> _INPUT DATA_:

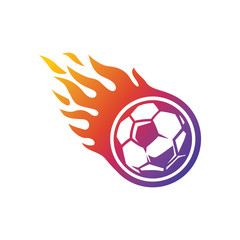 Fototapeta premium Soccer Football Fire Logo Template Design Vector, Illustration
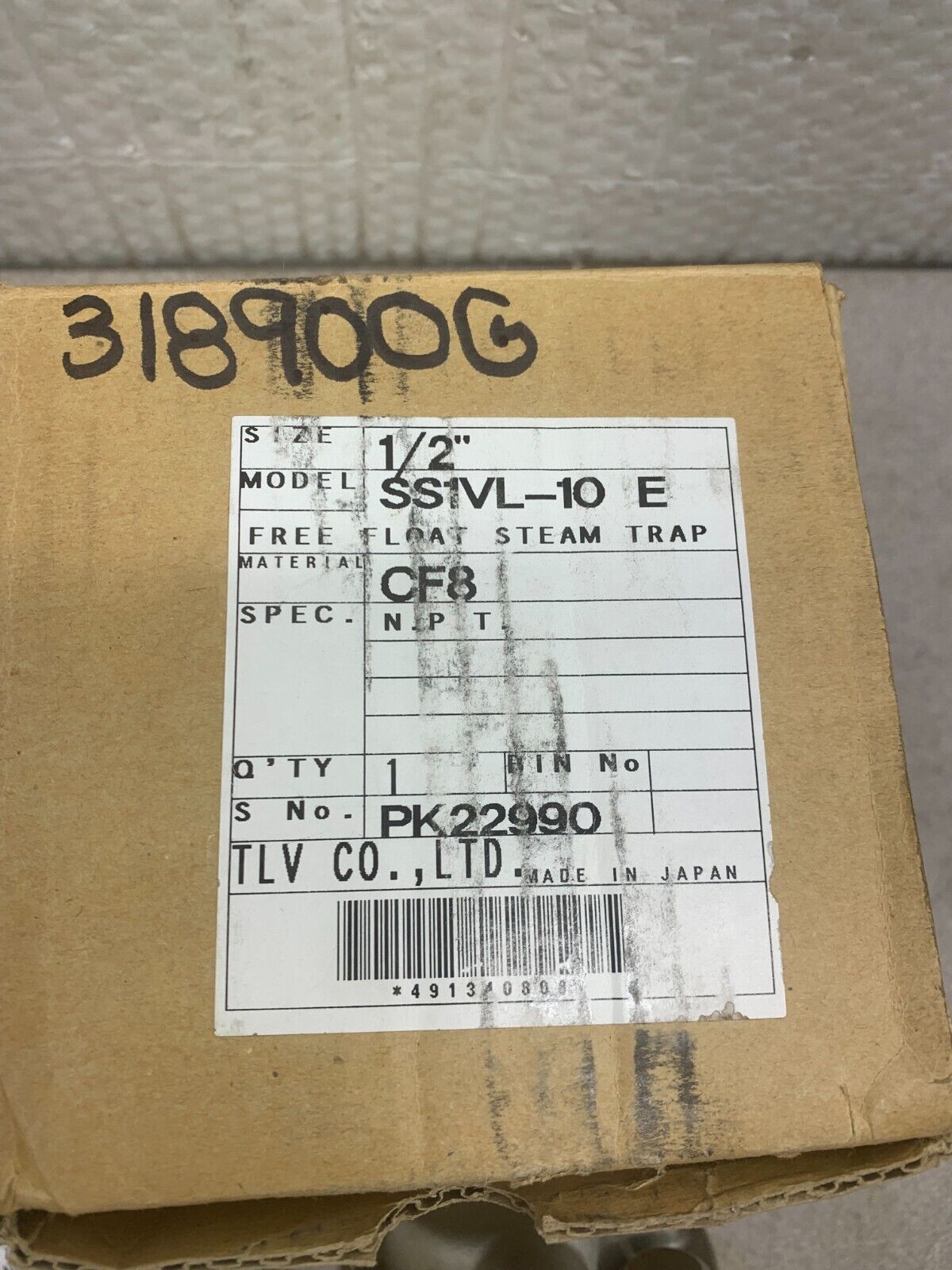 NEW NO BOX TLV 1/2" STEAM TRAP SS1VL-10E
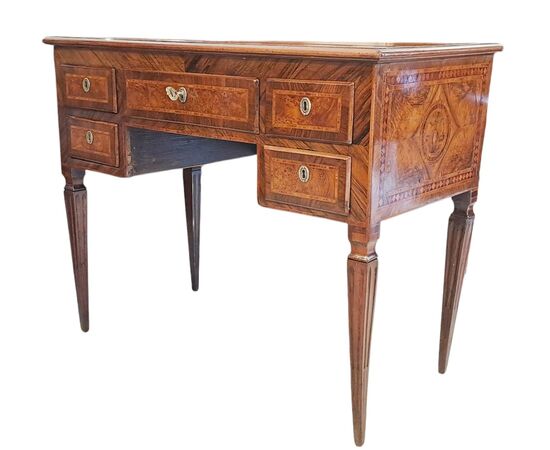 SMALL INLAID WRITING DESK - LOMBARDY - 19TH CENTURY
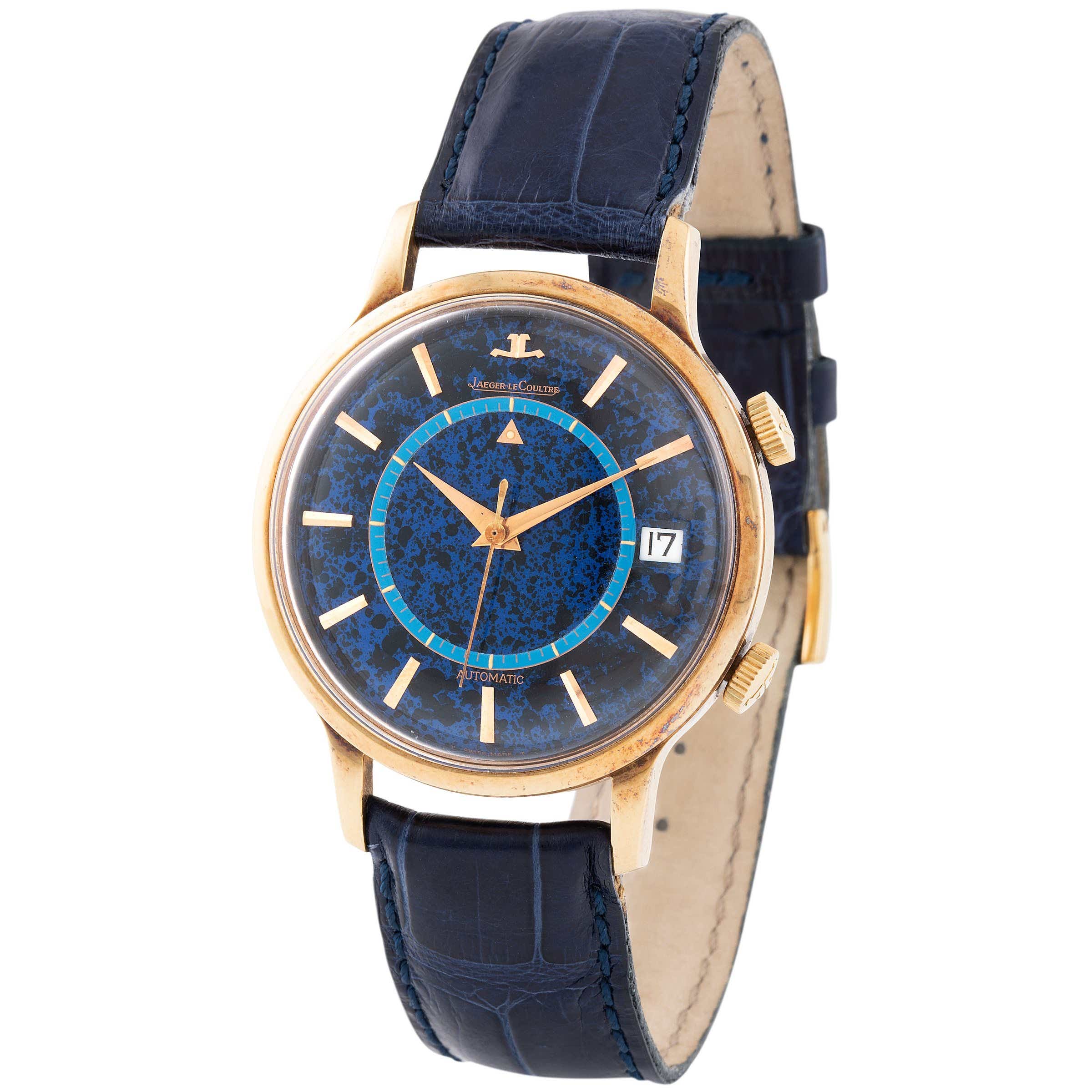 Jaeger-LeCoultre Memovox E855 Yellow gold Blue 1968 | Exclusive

> _REQUIREMENT_: An exact transcription of the listing is required, and it must contain no pictures.

> _EXERCISE SOLUTION_:
 Fototapeta premium Soccer Football Fire Logo Template Design Vector, Illustration
 NEW NO BOX TLV 1/2" STEAM TRAP SS1VL-10E
 SMALL INLAID WRITING DESK - LOMBARDY - 19TH CENTURY
 Jaeger-LeCoultre Memovox E855 Yellow gold Blue 1968 | Exclusive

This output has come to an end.